## What you are asked to do
For this exercise, retype each line of the material below verbatim and omit any picture.

Top of Extracted information

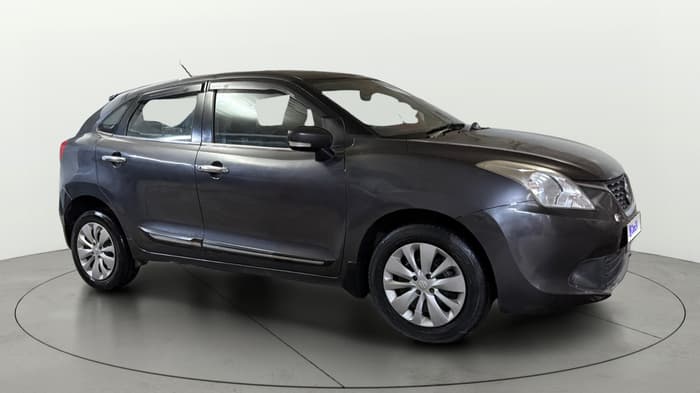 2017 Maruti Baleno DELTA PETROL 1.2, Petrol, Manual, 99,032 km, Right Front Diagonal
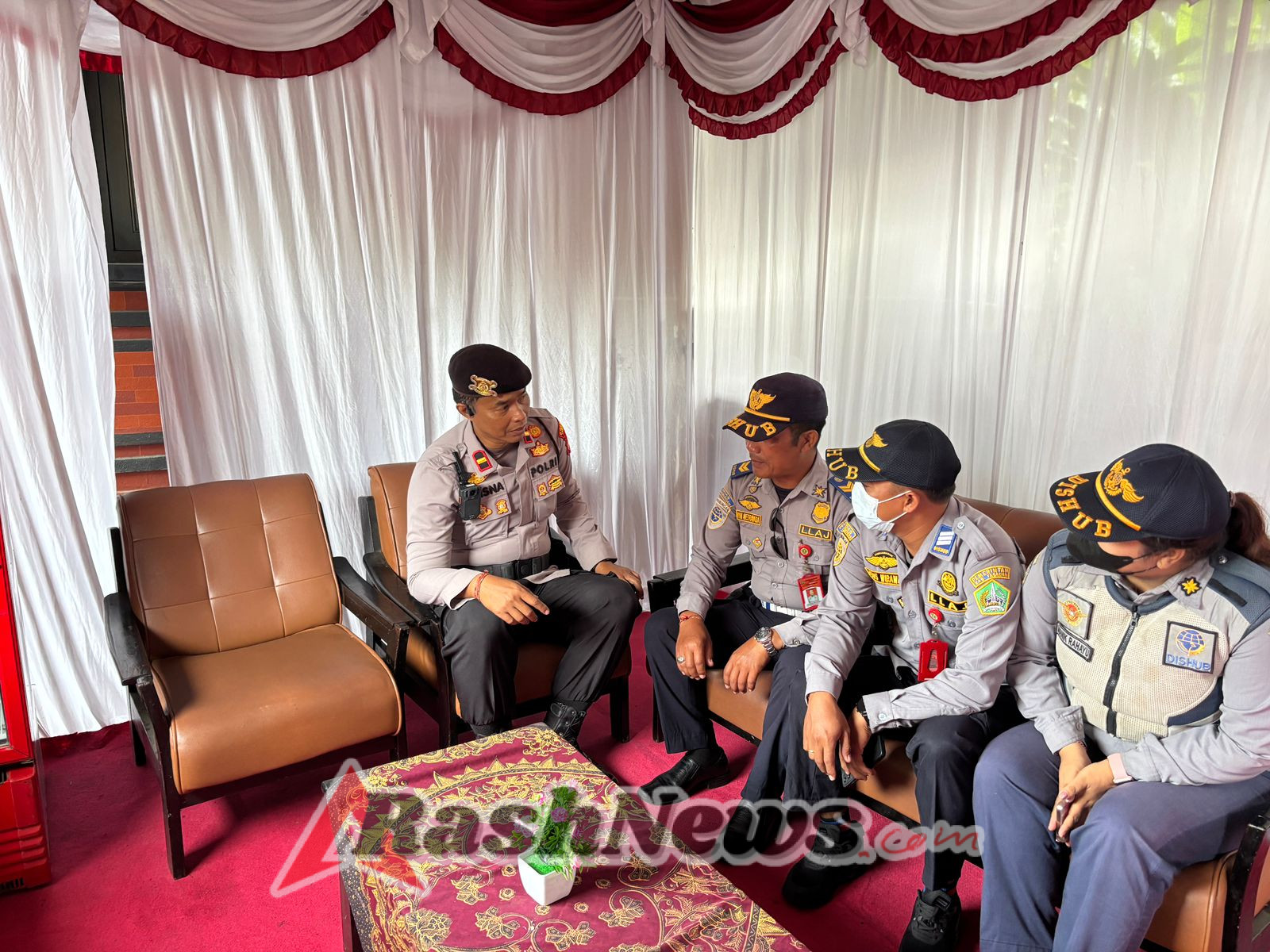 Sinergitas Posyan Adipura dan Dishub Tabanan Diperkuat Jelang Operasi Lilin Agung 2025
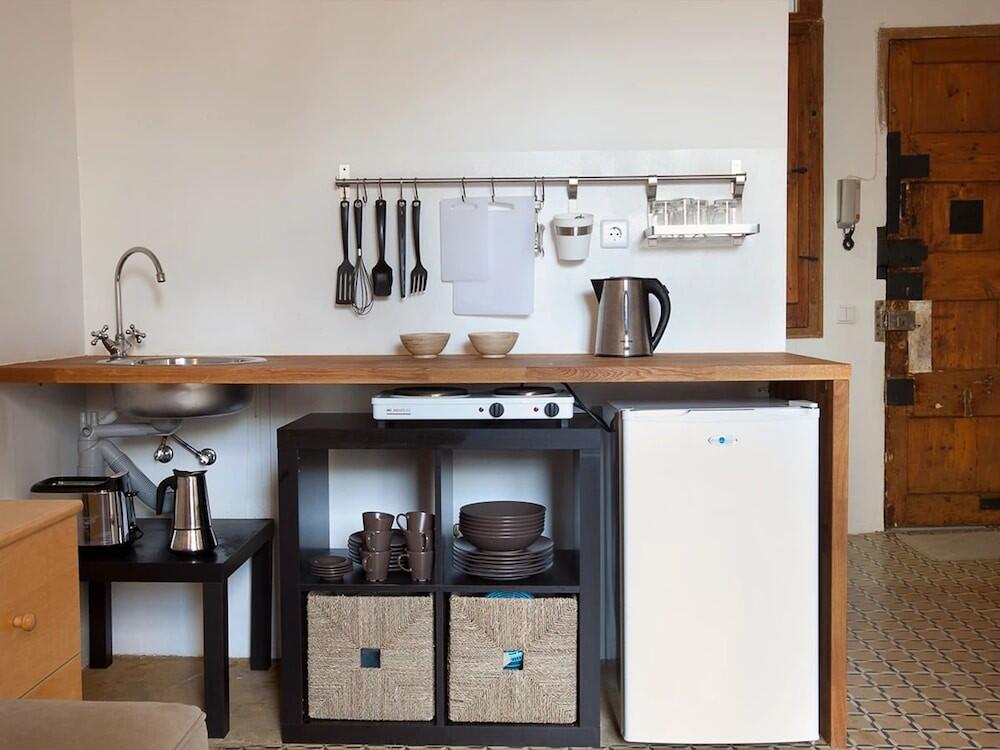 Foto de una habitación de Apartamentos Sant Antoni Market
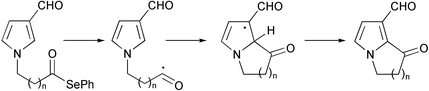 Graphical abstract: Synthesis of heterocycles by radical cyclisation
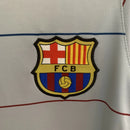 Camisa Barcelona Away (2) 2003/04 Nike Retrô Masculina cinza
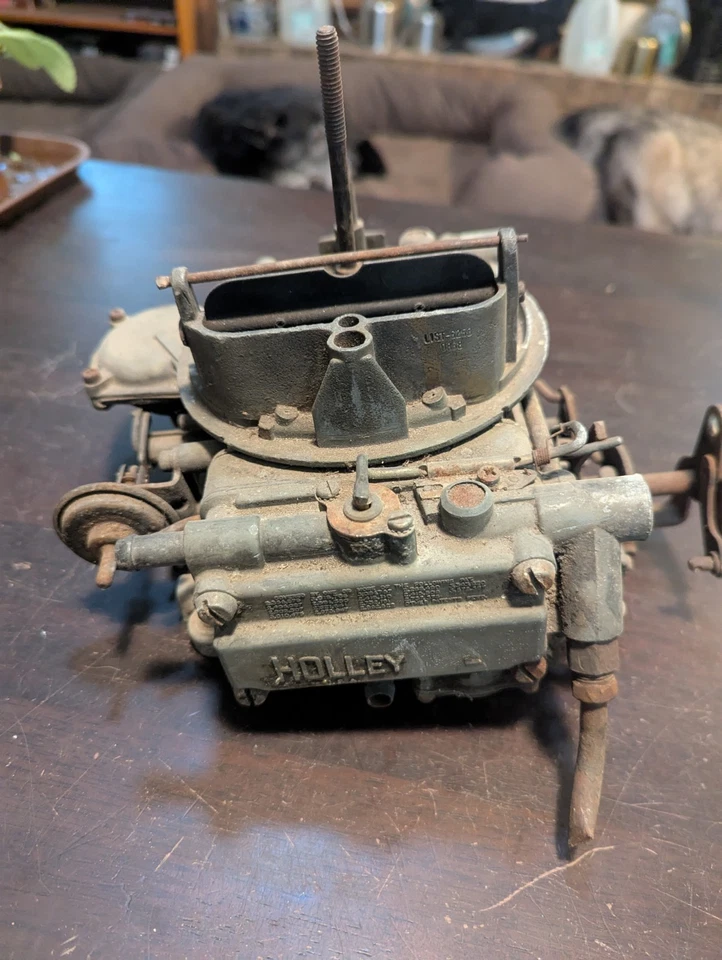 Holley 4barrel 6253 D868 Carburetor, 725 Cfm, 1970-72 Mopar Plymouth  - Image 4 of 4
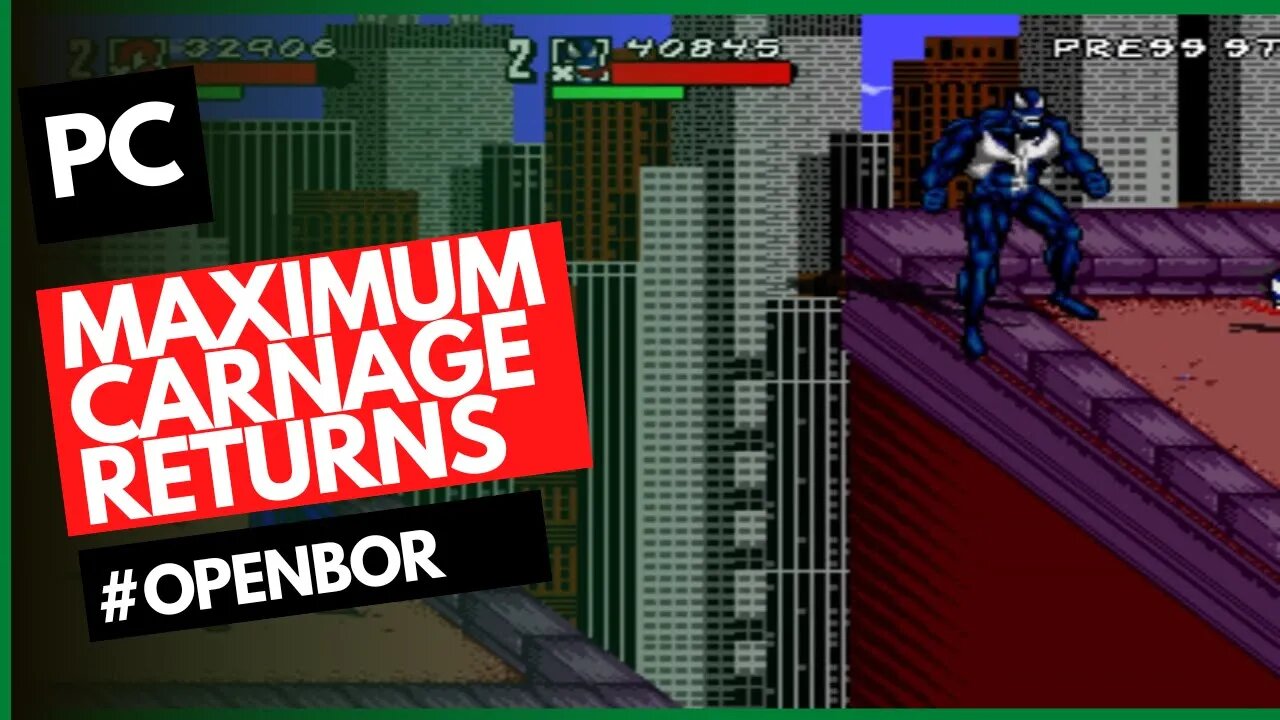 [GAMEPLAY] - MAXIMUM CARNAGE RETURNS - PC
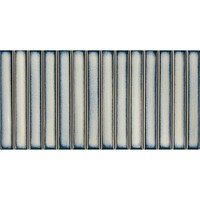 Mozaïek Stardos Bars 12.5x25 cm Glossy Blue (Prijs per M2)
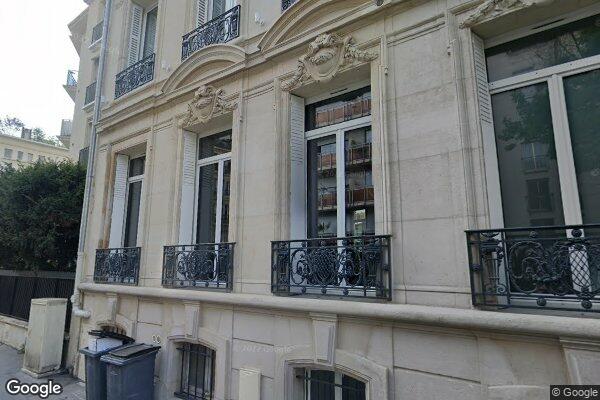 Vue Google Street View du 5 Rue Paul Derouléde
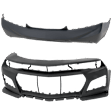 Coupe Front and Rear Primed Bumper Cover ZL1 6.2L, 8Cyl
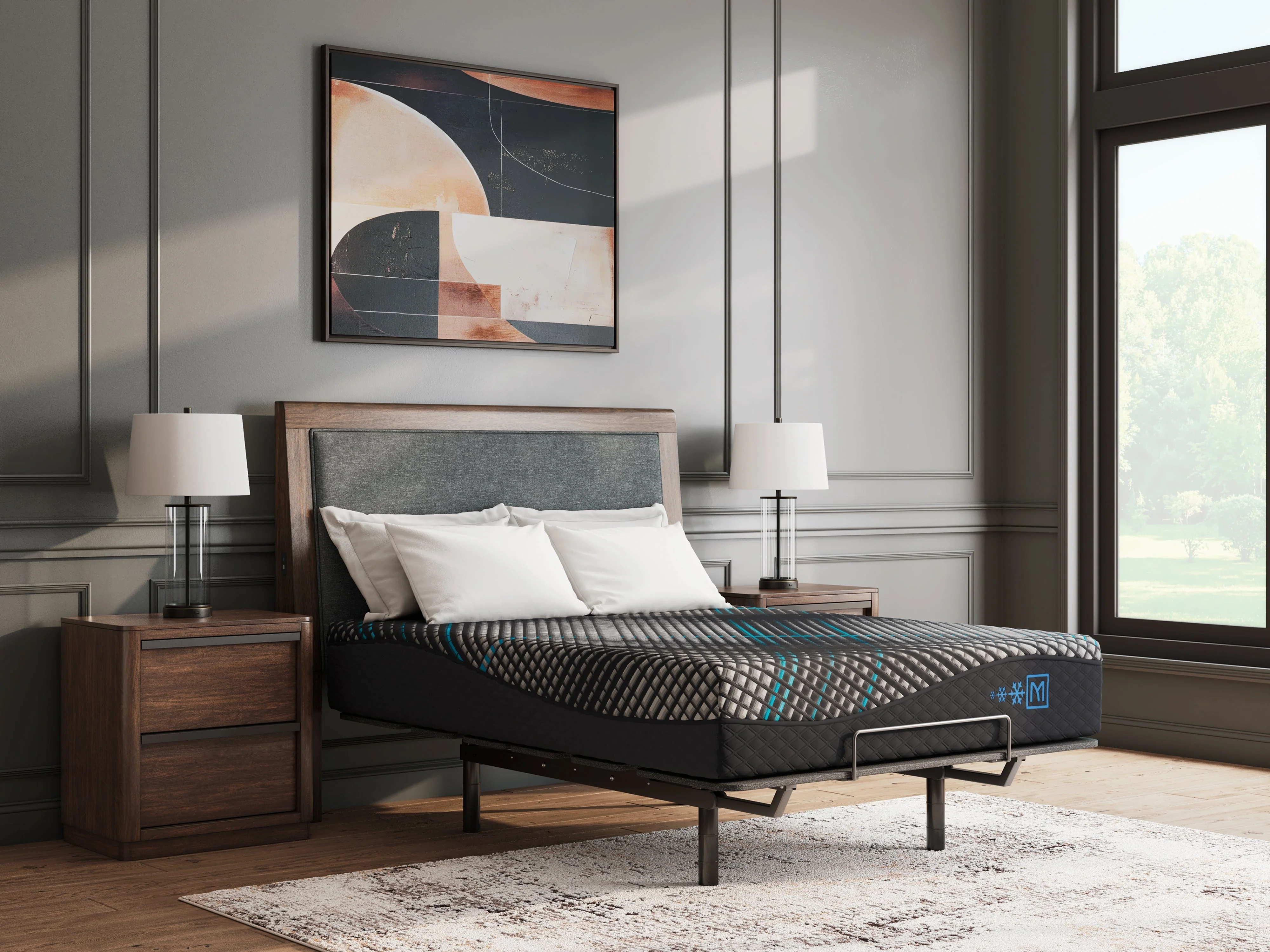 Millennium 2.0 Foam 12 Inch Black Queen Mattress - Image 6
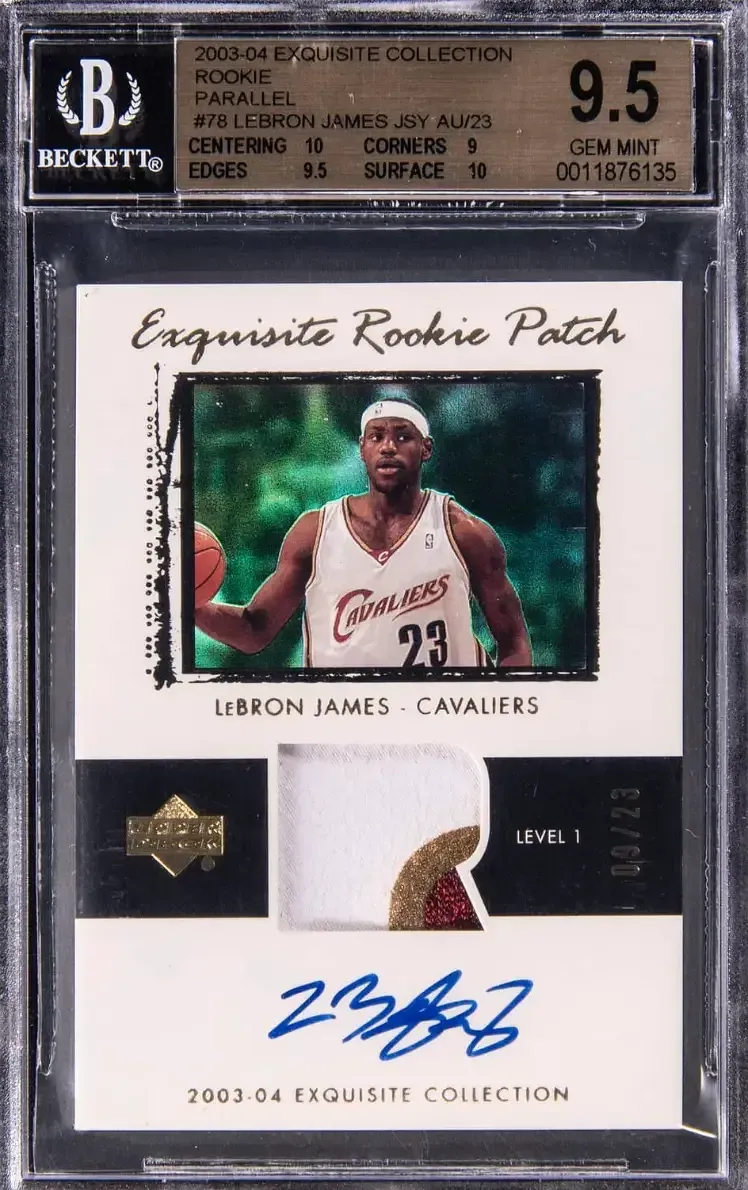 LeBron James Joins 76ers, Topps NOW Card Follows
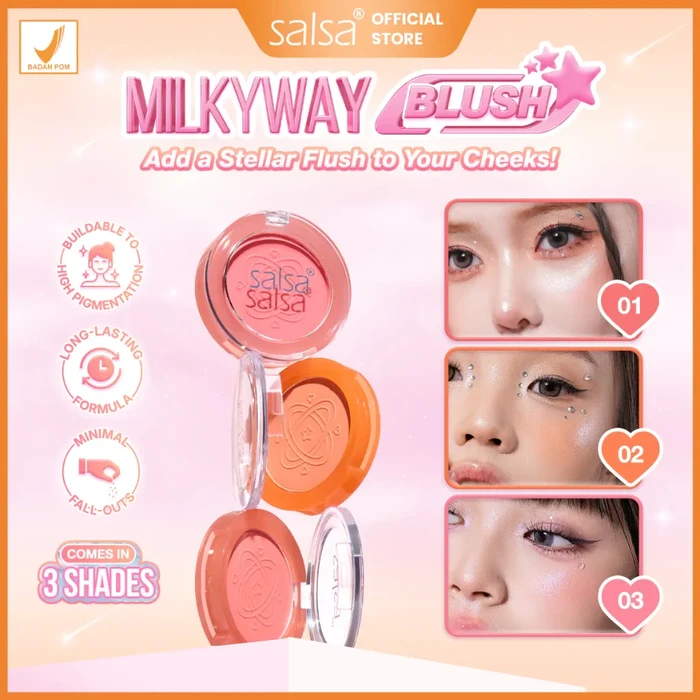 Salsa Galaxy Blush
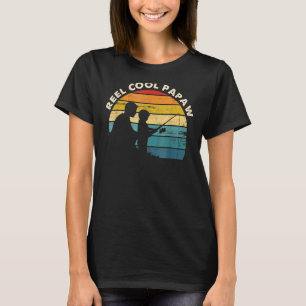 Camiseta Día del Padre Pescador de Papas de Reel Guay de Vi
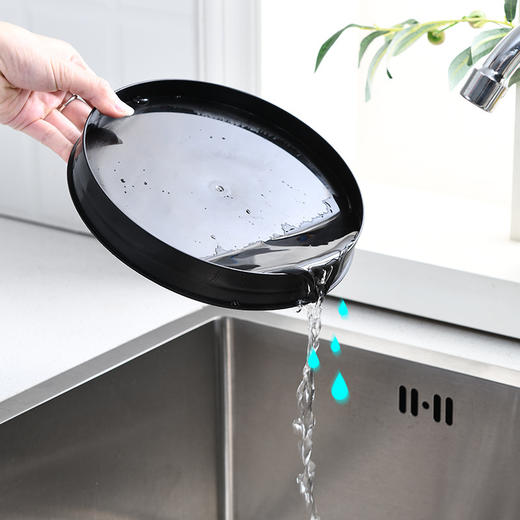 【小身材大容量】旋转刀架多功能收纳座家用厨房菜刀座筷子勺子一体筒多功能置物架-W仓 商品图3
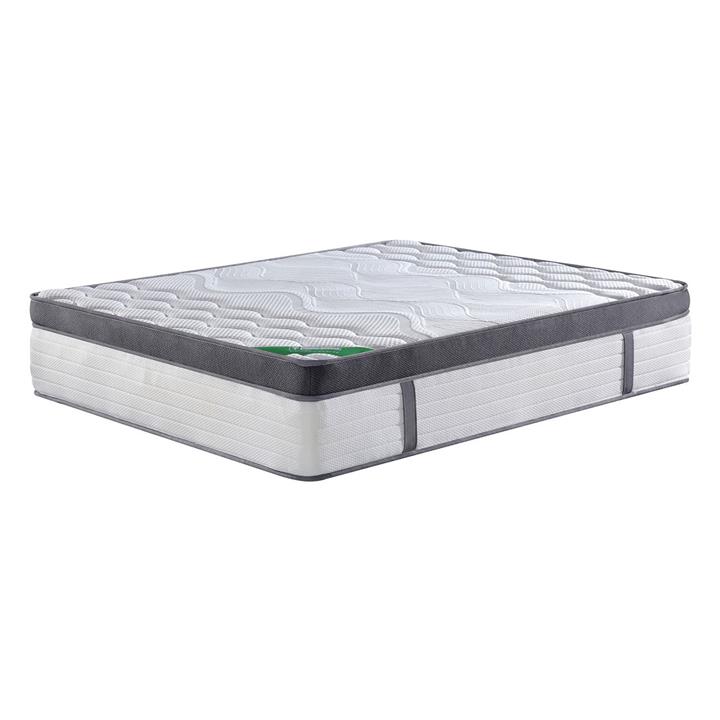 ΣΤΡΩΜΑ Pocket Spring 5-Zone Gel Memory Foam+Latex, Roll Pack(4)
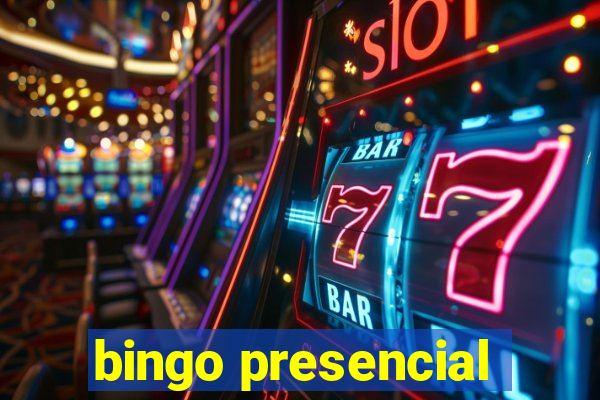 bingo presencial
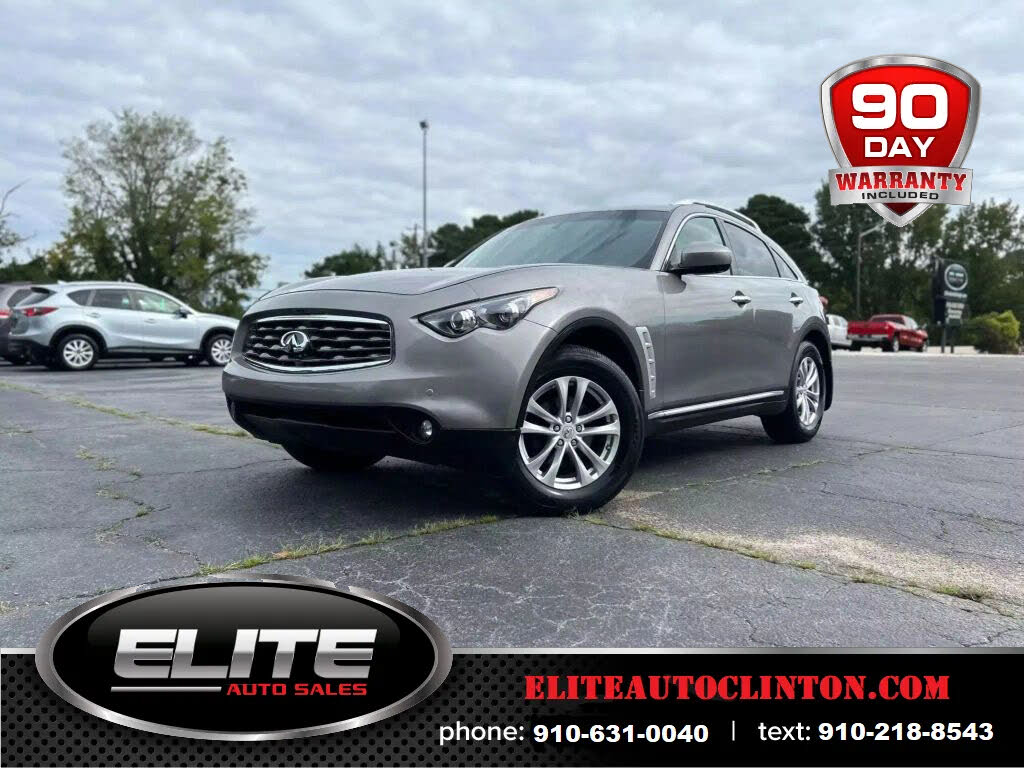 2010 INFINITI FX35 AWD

Bottom of Extracted information

## Exercise solution
 2017 Maruti Baleno DELTA PETROL 1.2, Petrol, Manual, 99,032 km, Right Front Diagonal
 Sinergitas Posyan Adipura dan Dishub Tabanan Diperkuat Jelang Operasi Lilin Agung 2025
 Foto de una habitación de Apartamentos Sant Antoni Market
 Graphical abstract: Synthesis of heterocycles by radical cyclisation
 Camisa Barcelona Away (2) 2003/04 Nike Retrô Masculina cinza
 Holley 4barrel 6253 D868 Carburetor, 725 Cfm, 1970-72 Mopar Plymouth  - Image 4 of 4
 [GAMEPLAY] - MAXIMUM CARNAGE RETURNS - PC
 Mozaïek Stardos Bars 12.5x25 cm Glossy Blue (Prijs per M2)
 Vue Google Street View du 5 Rue Paul Derouléde
 Coupe Front and Rear Primed Bumper Cover ZL1 6.2L, 8Cyl
 Millennium 2.0 Foam 12 Inch Black Queen Mattress - Image 6
 LeBron James Joins 76ers, Topps NOW Card Follows
 Salsa Galaxy Blush
 Camiseta Día del Padre Pescador de Papas de Reel Guay de Vi
 【小身材大容量】旋转刀架多功能收纳座家用厨房菜刀座筷子勺子一体筒多功能置物架-W仓 商品图3
 ΣΤΡΩΜΑ Pocket Spring 5-Zone Gel Memory Foam+Latex, Roll Pack(4)
 bingo presencial
 2010 INFINITI FX35 AWD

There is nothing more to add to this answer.